# EXERCISE INSTRUCTIONS:
Could you repeat the listing exactly, leaving out the pictures?

*** DATA EXCERPT ***

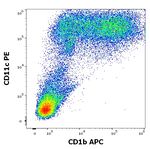CD1b Antibody in Flow Cytometry (Flow)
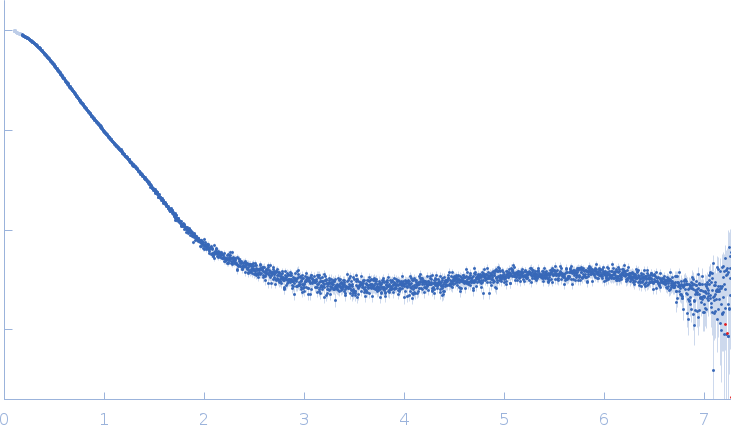 Cell division control protein 25 experimental SAS data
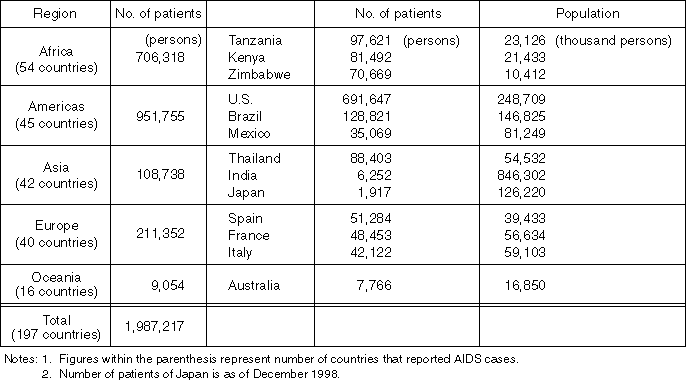 AIDS Patients in the World (WHO Report on November 15, 1998)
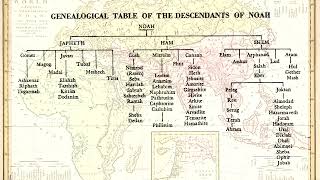 Table of Nations  Genesis 10 [upl. by Munson542]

***

# SOLUTION FOR THIS TASK:
CD1b Antibody in Flow Cytometry (Flow)
 Cell division control protein 25 experimental SAS data
 AIDS Patients in the World (WHO Report on November 15, 1998)
 Table of Nations  Genesis 10 [upl. by Munson542]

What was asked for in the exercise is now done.